Mid 20s & early 30s - Best Time for Retirement Planning

Retirement is usually the last thing on the minds of people in early years of their work life. In this phase, living life to the fullest is the motto. Ironically, this is also the time to inculcate the savings habit and starting your investing journey. From this stage, an investment has roughly 30-35 years to grow and compound wealth. For example: A monthly SIP of Rs. 10,000 for 35 years @12% return would accumulate Rs. 6.5 crs and if you keep increasing your SIP by just 7% annually, then the amount will be Rs. 12.31 crs. The more you save in your early years, the better you will be able to retire. Another benefit is that you have time on your side to make investing mistakes and learn from them. 

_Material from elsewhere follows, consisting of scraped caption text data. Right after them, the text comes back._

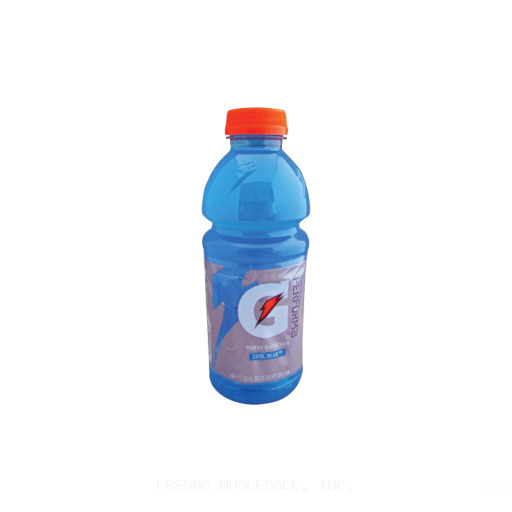 GATORADE 24/24Z  COOL BLUE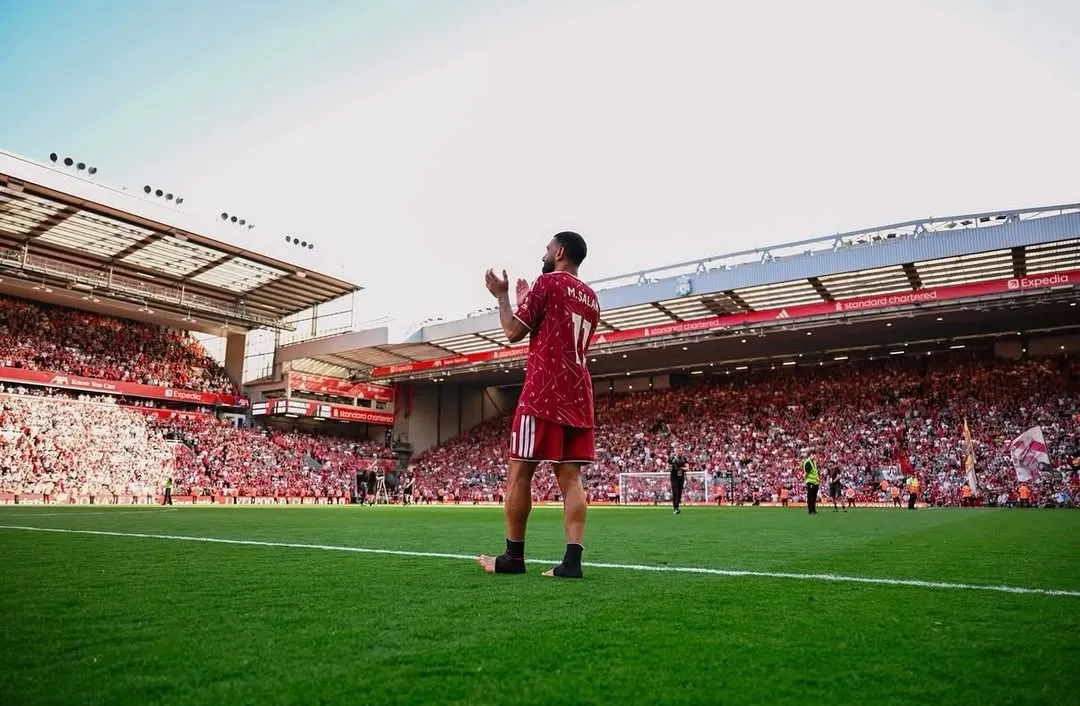 Mohamed Salah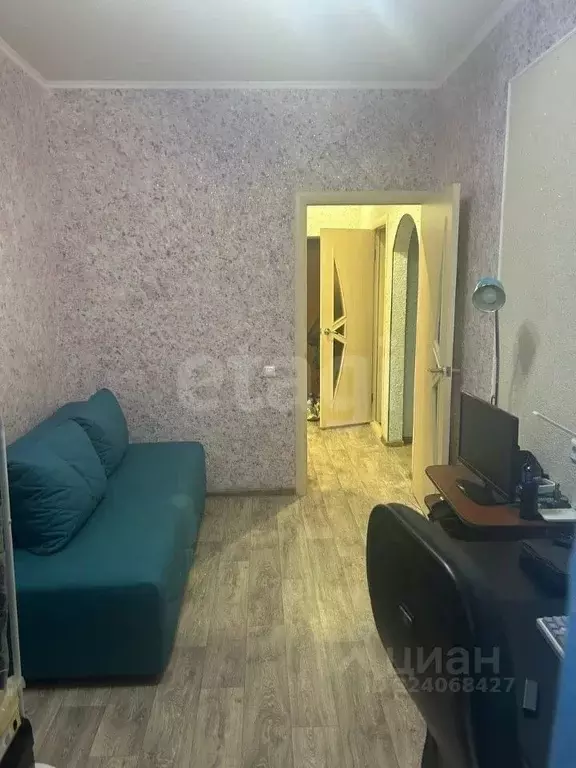 1-к кв. Тюменская область, Тюмень Войновка мкр, ул. Энергостроителей, ... - Фото 2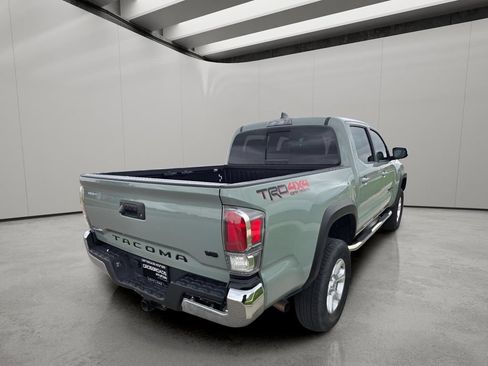 Used 2023 Toyota Tacoma TRD Off-Road AWD/4WD image 5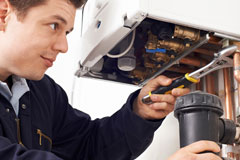 only use certified Oakall Green heating engineers for repair work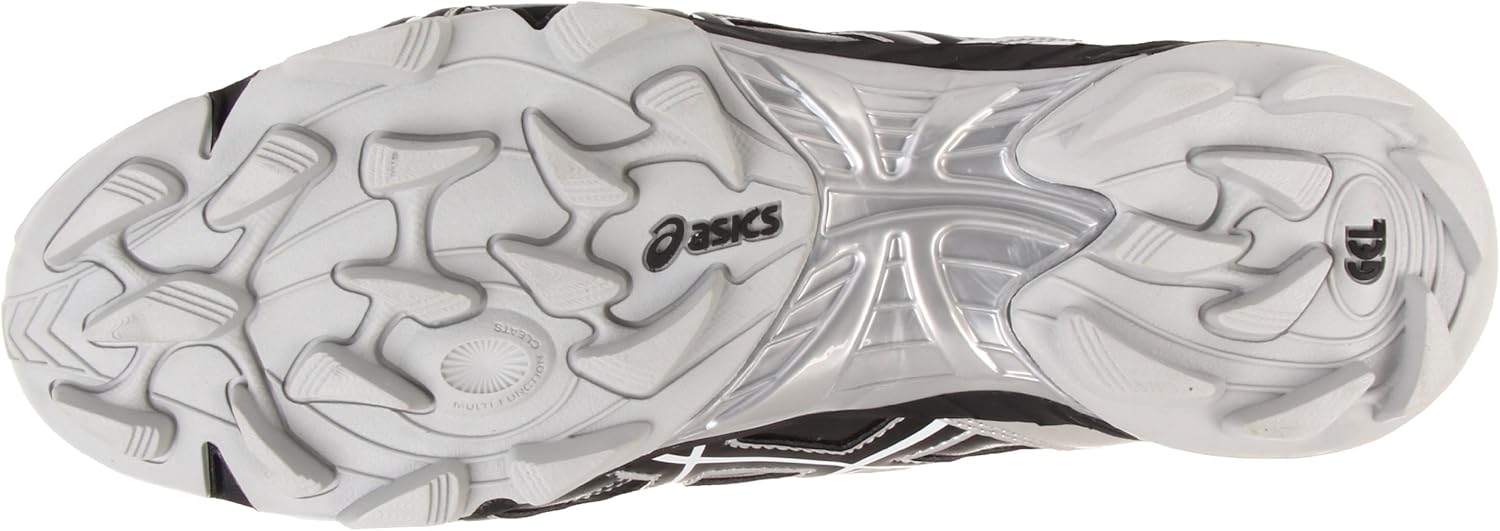  | ASICS Men's GEL-Prevail Mid Lacrosse Shoe | Athletic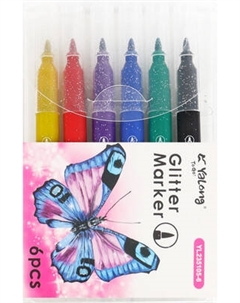 Фломастеры Yalong YL235105-6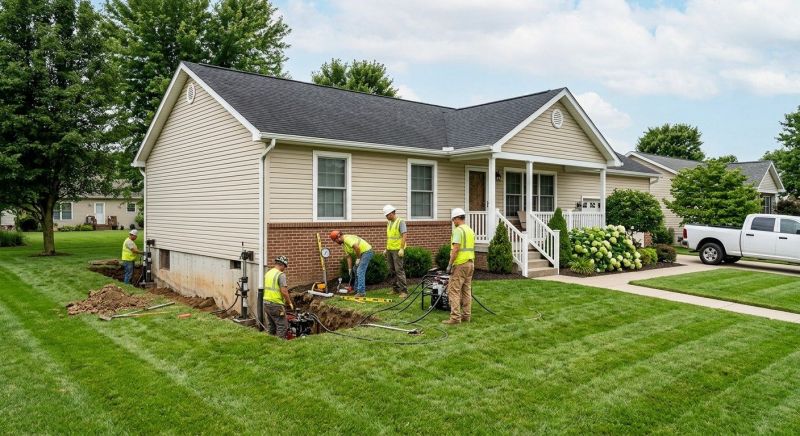 Top Foundation Lifting Companies in Lima, OH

Late 30s & early 40s - Second Best Time to Plan Retirement

If you missed investing early in life, it becomes much more difficult to save in middle ages. To begin with you are not in the habit of savings and secondly in this phase your responsibilities increase manifold. Servicing to big ticket purchases like a house through home loan, raising kids, their education expenses will ensure savings will be limited during this period. Some may even have to support their parents in their old age. From here on, you are left with just about 15-20 years for retirement. Now, to generate a corpus of Rs. 6.5 crs, you need to invest about Rs. 70,000 monthly for 20 years @ 12% return.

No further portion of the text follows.